Przemysław Kucharczak Przemysław Kucharczak

|

GOSC.PL

dodane 30.01.2019 12:07
0

Agnieszka z koleżankami codziennie razem modliły się w Kazachstanie na różańcach i śpiewały w swojej ziemiance pieśni kościelne. „Wom sie jeszcze chce śpiywać?!” – pytał jeden z mężczyzn. A dziewczyny na to: „Trudno, żeby my wszyscy płakali”.

Jak traktowali ich Rosjanie? – Akurat w naszym obozie byli dla nas bardzo grzeczni; tam żyli też dobrzy ludzie. W moim obozie Ślązacy umierali z powodu chorób. A łatwo się zarażali, bo byli niedożywieni – uważa.

List wujka arcybiskupa

Wśród wywiezionych w 1945 r. był też Konrad Skworc, brat ojca obecnego arcybiskupa katowickiego. Córka Konrada zapamiętała, że przysłał list z kopalni w Donbasie na Ukrainie, napisany na kawałku kartonu. Były tam zdania: „U mnie wszystko dobrze”, „jestem zdrowy”. To był ostatni sygnał od jej taty. Odtąd słuch o nim zaginął. – Oczywiście, ta wywózka nie była dobrowolna, za uchylanie się był odpowiedni paragraf. Podobno dziadkowi mówiono, żeby się ukrył, ale on nie posłuchał – powiedział nam Michał Jakubiec, wnuk Konrada Skworca.

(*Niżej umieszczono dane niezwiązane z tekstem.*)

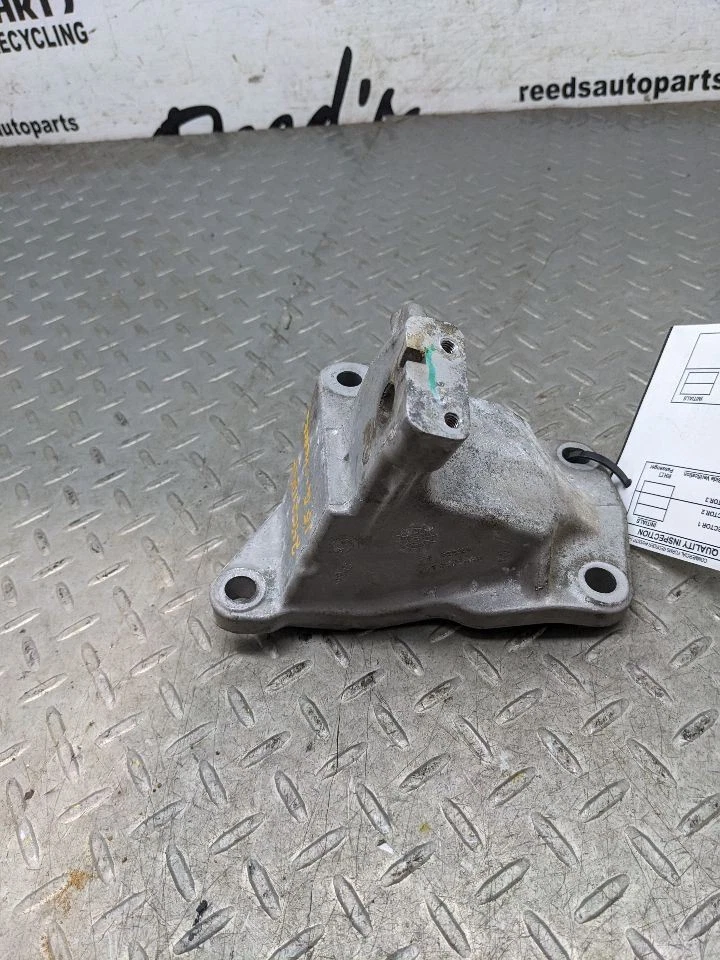 2011-2021 JEEP GRAND CHEROKEE 3.6L FRONT LEFT ENGINE MOTOR MOUNT BRACKET 1178804 - Image 3 of 4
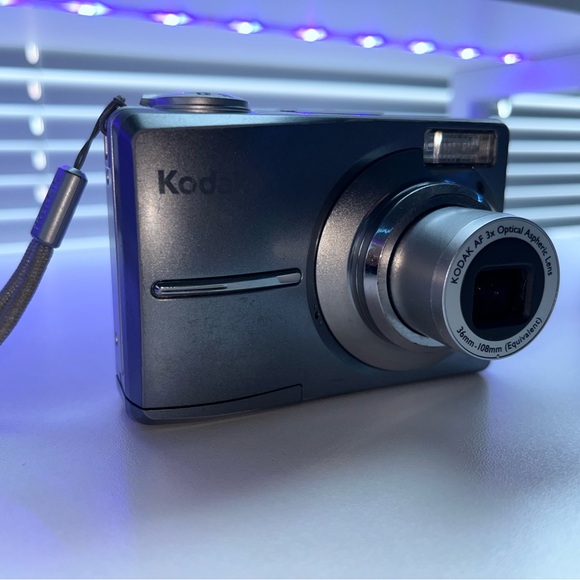 Kodak Easyshare C813 8.2 MP Digital Camera 3x Optical Zoom - Picture 4 of 5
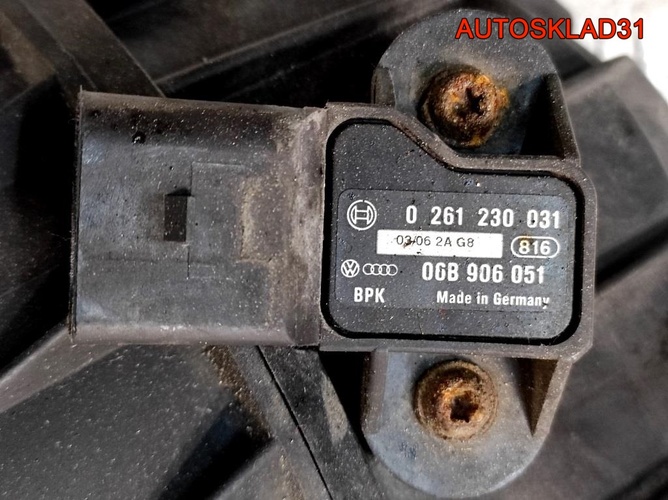 Коллектор впускной VW Passat B6 2.0 BVY 06F133210P
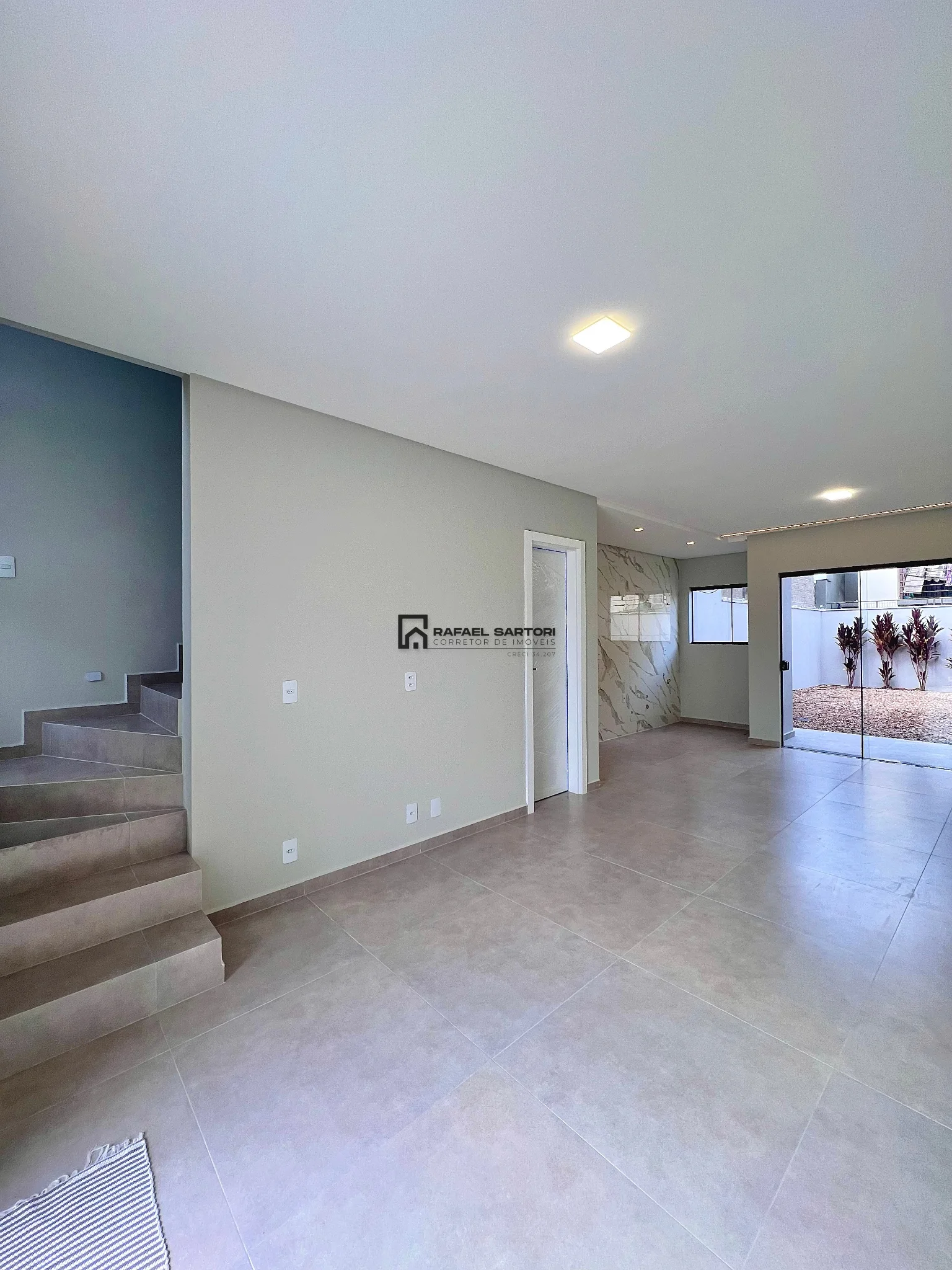 GEMINADO DUPLEX COM PISCINA E 02 SUITES — foto 2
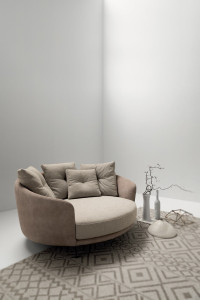 Тканевое кресло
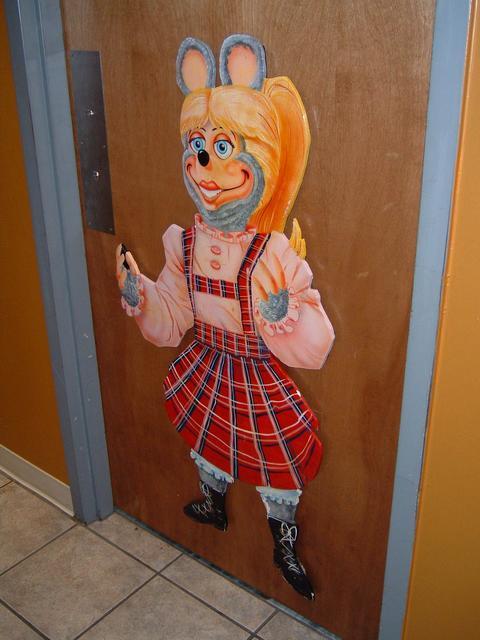 I Found This Picture On Showbizpizza.com And I Have No Idea What Its From Or If It Was Even Part Of Anything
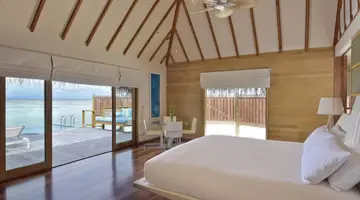 CONRAD MALDIVES RANGALI ISLAND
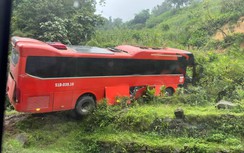 Ô tô chở khách mất phanh, đâm vào taluy dương quốc lộ 4D ở Lào Cai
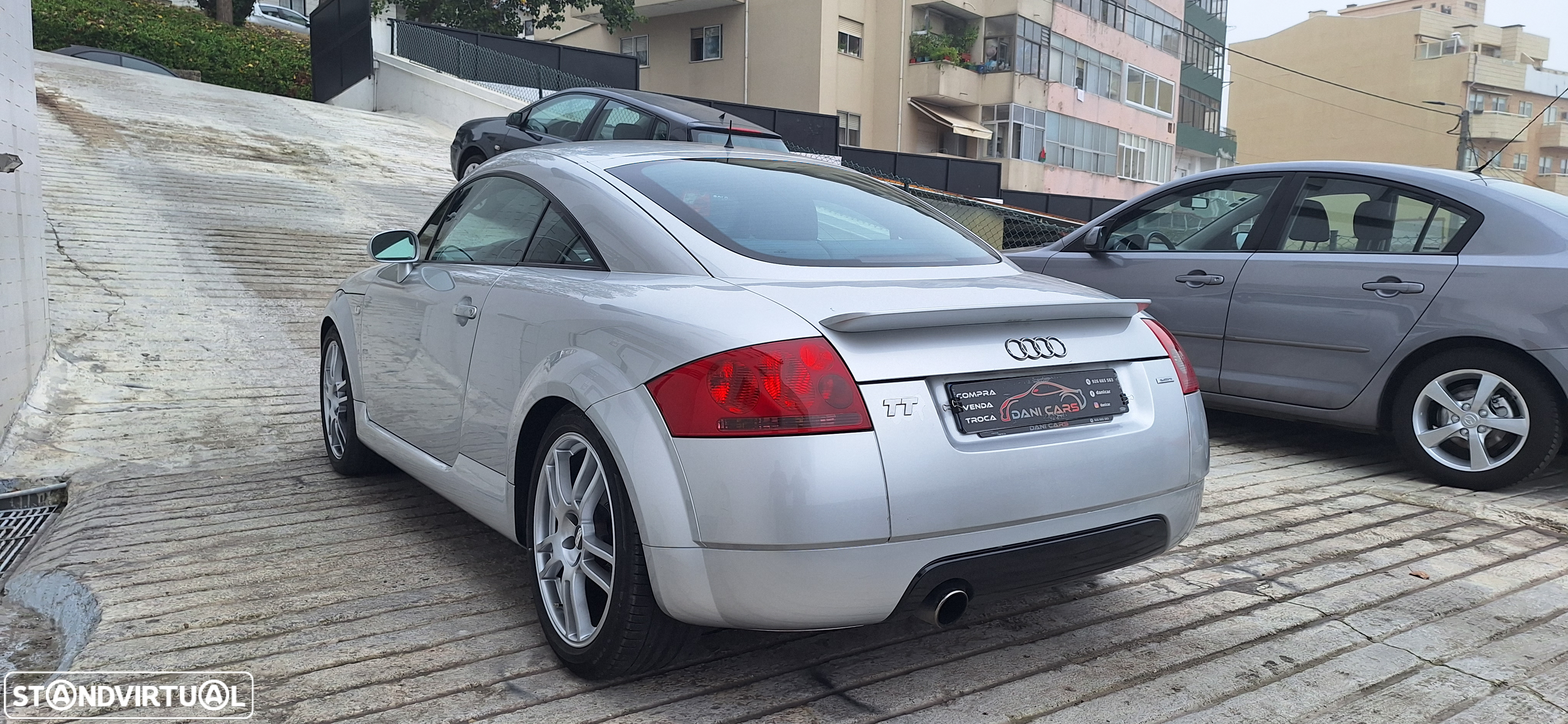 Audi TT Coupé 1.8 T quattro - 11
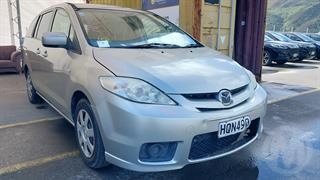 2006 Mazda Premacy Station Wagon Photo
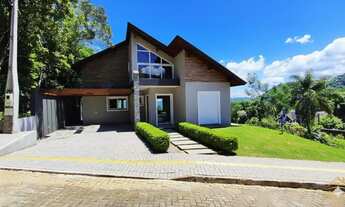 Imagem 6: Casa à venda com três suítes no Bairro Pousada da Neve em Nova Petrópolis RS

Ślązacy, wychowani w szacunku do prawa i porządku, w 1945 r. często zbyt posłusznie stosowali się do wezwań, rozlepianych przez Sowietów rozlepianych na murach. Afisze te wzywały wszystkich mężczyzn między 17. a 50. rokiem życia do pracy przy sprzątaniu miasta. Przynajmniej w niektórych przypadkach można było próbować ukryć się i przeczekać.

Na wyznaczonych miejscach zbiórki Ślązaków otaczali czerwonoarmiści z karabinami. W ten sposób wpadł w ich ręce np. Augustyn Szołtysik, długoletni kościelny z Bytomia-Suchej Góry.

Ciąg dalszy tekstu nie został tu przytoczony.